---- INPUT DATA
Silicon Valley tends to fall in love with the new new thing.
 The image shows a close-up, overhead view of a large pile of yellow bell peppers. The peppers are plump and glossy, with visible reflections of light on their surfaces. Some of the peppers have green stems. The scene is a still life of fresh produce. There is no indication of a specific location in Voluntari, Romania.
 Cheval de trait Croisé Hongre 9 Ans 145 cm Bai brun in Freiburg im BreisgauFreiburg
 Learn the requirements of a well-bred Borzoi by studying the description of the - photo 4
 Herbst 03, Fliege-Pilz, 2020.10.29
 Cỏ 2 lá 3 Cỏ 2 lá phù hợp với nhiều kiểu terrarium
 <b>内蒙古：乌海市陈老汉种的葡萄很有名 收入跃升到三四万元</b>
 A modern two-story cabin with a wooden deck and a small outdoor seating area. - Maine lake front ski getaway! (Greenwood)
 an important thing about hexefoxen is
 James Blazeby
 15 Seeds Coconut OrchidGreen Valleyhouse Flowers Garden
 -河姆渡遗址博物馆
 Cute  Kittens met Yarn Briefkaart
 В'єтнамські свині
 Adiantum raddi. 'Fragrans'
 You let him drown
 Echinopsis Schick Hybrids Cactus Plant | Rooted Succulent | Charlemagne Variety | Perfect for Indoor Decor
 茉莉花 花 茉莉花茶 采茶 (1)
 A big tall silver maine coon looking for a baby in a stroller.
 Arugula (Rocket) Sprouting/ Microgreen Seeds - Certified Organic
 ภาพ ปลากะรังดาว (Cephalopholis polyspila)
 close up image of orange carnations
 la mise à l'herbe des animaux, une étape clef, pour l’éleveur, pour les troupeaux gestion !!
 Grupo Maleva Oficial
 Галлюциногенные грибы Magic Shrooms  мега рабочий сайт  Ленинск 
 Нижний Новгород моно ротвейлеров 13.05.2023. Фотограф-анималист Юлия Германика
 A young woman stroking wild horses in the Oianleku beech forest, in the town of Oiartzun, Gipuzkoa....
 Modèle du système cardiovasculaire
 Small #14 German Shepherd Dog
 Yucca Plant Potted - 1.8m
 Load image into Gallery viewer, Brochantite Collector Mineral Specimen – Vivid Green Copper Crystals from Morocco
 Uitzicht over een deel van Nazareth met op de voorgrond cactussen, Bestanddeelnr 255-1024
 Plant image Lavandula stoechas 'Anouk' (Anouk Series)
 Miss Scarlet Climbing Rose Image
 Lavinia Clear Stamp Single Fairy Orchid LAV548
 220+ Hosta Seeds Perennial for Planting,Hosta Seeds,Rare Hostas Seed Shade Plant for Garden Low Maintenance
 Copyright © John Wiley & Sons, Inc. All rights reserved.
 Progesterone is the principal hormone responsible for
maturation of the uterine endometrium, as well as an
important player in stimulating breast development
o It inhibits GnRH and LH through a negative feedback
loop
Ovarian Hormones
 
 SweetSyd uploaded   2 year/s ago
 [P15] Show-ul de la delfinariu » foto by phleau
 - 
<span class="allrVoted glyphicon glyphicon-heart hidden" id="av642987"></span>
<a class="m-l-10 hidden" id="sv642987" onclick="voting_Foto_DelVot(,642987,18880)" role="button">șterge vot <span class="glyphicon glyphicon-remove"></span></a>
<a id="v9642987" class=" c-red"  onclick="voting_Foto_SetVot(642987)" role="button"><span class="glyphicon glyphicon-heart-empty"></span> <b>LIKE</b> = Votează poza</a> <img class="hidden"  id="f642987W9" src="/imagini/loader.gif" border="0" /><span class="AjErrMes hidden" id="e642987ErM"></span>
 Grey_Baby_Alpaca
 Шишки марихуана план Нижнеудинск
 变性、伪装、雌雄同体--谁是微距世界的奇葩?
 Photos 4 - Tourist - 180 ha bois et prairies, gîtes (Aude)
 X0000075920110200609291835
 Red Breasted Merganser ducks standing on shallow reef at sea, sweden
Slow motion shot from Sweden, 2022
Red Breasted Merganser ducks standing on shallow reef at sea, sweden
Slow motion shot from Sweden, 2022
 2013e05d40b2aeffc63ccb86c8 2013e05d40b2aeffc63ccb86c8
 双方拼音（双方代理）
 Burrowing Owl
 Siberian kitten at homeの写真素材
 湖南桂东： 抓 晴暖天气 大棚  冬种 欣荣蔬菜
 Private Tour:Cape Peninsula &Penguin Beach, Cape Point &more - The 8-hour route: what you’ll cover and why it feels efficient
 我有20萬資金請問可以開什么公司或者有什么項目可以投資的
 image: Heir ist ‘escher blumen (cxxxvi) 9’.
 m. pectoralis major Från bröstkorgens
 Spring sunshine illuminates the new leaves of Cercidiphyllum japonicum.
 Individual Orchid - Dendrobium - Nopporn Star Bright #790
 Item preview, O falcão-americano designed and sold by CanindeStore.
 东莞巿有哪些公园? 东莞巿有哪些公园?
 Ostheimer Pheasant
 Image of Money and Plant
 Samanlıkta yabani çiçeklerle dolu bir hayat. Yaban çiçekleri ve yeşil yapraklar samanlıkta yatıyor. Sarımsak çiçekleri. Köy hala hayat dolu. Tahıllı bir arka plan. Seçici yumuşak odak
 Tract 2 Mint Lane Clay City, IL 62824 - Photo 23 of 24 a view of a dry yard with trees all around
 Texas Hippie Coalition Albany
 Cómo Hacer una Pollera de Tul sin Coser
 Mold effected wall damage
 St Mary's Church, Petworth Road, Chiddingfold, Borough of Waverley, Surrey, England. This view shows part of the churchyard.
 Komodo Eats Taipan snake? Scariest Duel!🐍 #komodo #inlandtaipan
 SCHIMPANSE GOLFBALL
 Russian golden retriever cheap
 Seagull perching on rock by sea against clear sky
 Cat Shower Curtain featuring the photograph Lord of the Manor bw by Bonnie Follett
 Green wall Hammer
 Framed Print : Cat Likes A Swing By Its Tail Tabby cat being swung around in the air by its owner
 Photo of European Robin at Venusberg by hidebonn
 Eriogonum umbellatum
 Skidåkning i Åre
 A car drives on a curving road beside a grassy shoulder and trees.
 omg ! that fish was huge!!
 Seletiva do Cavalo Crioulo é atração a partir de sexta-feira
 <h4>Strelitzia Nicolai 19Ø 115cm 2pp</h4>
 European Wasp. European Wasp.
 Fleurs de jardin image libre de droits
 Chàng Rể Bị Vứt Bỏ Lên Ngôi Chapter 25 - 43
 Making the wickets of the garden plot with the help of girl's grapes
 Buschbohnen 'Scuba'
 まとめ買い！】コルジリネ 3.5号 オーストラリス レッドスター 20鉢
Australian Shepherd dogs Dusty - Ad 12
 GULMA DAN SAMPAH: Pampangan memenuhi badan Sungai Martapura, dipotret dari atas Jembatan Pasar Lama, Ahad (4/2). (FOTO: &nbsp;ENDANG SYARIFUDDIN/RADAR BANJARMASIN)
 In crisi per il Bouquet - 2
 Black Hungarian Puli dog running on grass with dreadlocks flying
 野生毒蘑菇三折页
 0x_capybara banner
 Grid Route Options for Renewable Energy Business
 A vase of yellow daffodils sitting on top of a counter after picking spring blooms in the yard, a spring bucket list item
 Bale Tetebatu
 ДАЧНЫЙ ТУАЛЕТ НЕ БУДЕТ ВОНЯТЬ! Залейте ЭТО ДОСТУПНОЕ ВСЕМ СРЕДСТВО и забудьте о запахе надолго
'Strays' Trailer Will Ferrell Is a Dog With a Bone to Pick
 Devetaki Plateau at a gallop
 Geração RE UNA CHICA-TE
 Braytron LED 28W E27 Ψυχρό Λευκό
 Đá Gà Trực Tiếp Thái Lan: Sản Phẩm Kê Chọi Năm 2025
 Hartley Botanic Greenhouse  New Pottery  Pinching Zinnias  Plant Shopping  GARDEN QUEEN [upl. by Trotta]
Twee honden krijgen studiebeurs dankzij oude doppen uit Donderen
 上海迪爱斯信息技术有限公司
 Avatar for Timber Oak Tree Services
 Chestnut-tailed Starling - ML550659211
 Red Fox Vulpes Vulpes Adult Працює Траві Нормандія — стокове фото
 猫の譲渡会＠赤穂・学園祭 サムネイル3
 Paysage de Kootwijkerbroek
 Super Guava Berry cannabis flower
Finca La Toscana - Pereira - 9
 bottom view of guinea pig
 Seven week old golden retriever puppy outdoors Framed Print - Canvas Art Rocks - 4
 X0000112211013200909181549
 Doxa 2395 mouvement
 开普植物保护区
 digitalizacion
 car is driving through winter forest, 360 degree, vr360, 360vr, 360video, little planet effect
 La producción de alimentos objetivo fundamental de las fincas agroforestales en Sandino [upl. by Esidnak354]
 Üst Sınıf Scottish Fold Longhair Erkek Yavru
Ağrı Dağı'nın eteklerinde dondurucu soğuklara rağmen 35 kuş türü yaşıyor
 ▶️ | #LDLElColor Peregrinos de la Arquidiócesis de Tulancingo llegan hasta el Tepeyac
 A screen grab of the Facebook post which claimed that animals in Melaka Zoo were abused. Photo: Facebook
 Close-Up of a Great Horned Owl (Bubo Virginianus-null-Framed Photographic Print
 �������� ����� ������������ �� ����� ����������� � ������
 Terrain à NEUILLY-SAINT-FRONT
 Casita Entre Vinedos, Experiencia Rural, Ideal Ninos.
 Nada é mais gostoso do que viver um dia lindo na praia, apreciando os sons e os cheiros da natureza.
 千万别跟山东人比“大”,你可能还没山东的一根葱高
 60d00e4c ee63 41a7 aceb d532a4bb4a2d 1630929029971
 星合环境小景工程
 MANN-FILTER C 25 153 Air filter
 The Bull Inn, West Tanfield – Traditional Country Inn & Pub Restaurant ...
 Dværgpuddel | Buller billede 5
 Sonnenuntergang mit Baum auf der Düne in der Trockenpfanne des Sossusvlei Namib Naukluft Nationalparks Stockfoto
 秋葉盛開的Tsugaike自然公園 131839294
--------
Output only the lines from the top of the entries through the one holding "<b>内蒙古：乌海市陈老汉种的葡萄很有名 收入跃升到三四万元</b>", copied exactly.

Silicon Valley tends to fall in love with the new new thing.
 The image shows a close-up, overhead view of a large pile of yellow bell peppers. The peppers are plump and glossy, with visible reflections of light on their surfaces. Some of the peppers have green stems. The scene is a still life of fresh produce. There is no indication of a specific location in Voluntari, Romania.
 Cheval de trait Croisé Hongre 9 Ans 145 cm Bai brun in Freiburg im BreisgauFreiburg
 Learn the requirements of a well-bred Borzoi by studying the description of the - photo 4
 Herbst 03, Fliege-Pilz, 2020.10.29
 Cỏ 2 lá 3 Cỏ 2 lá phù hợp với nhiều kiểu terrarium
 <b>内蒙古：乌海市陈老汉种的葡萄很有名 收入跃升到三四万元</b>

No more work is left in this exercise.